The report is incredibly detailed and, as you might expect, is packed with analyst-speak. However, the first few sections are well worth reading to provide a picture of why what happens in China in respect of autonomous vehicles will have a substantial impact on what happens elsewhere in the world.

Image credit: Volkswagen AG

China is the new centre of power in the automotive industry.

Herbert Diess, Volkswagen Group CEO

It comes down to economies of scale. Vehicle makers, tech companies, parts suppliers and service providers all look to China now for volume. Herbert Diess, CEO of the Volkswagen Group, said recently that China is the new centre of power in the automotive industry. It is by far the world’s largest vehicle market and is still growing, albeit not quite as quickly as before. However, Chinese cities also suffer crippling congestion and appalling air pollution – something of which the authorities are well aware. This has lead to a substantial government promotion of electric and autonomous vehicles. While electric vehicles may help address air pollution in cities, they won’t reduce congestion. The only way to keep people and goods moving is to increase vehicle occupancy, i.e. shared mobility and so-called “mobility as a service” (MaaS). While these ideas don’t necessarily preclude human drivers, factors such as operating costs make driverless models attractive.

Basically, if businesses see a market for something in China, they will go after it. And if they are doing it in China, they will seek to roll it out elsewhere in the world, too.

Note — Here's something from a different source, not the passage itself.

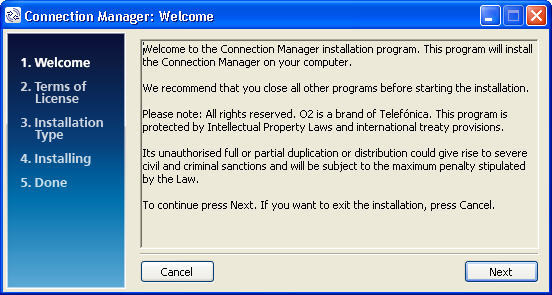 Mobile Connection Manager 8.7 : Main Window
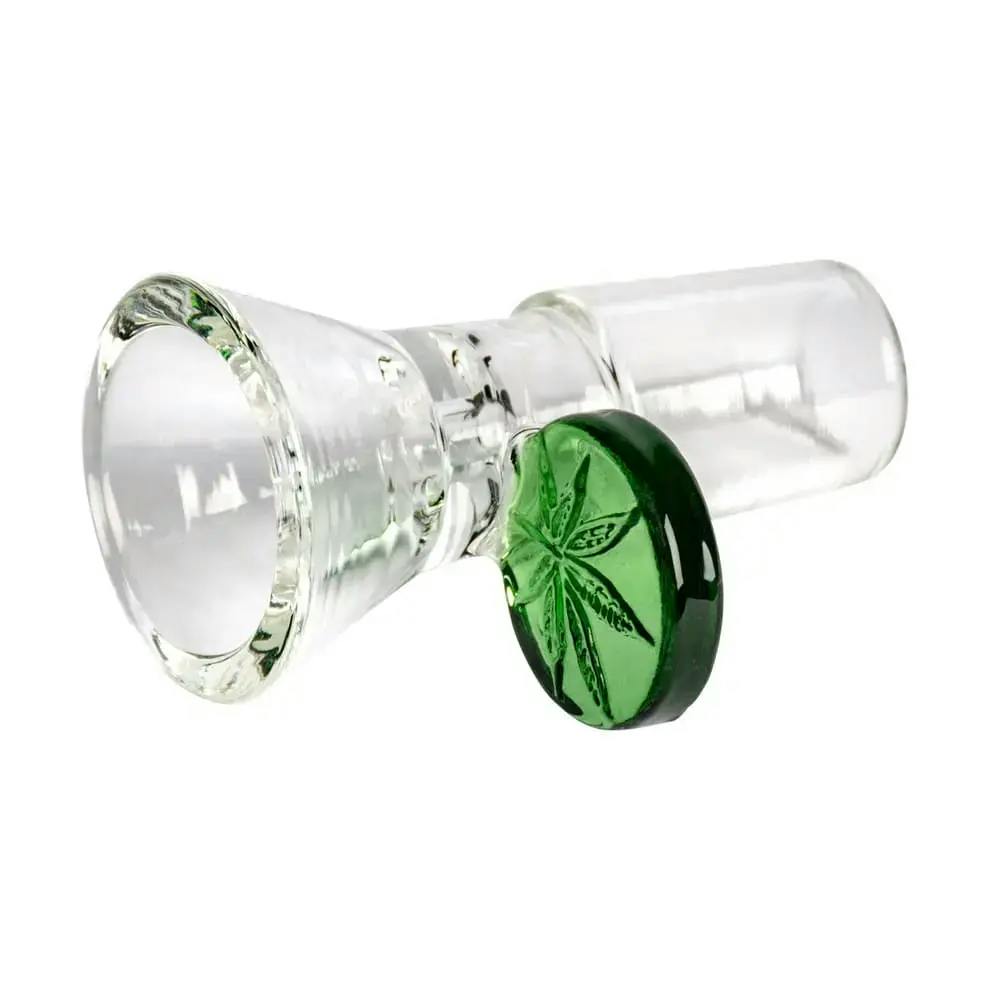 Red Eye Glass, 19mm Leaf Stamped Handle Cone Pull-Out - Green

Daimler and Bosch premiere automated valet parking in China
Video credit: Daimler AG

There are many obstacles in the way of fully autonomous driving, i.e. where no driver is required. These include technical and legislative issues, as well as the prickly issue of consumer acceptance, although the latter is likely to be more of a problem in those markets where people have been used to driving themselves for generations. The car-based economy is a relatively recent concept in China, which makes consumer preconceptions less rigid.

The technical and legislative issues are nevertheless substantial. The ideal scenario would be for all vehicles to switch to driverless overnight. That way, they could all carefully avoid one another in an elegantly choreographed technology ballet. Realistically though, autonomous vehicles will have to deal with the vagaries of human driving, cycling, walking etc. – which will be particularly problematic in China, where behaviours are famously aggressive and haphazard. The McKinsey report says that this could slow adoption.

But where there’s a will there’s a way, and tech companies, automakers and suppliers have that will and are fervently seeking a way.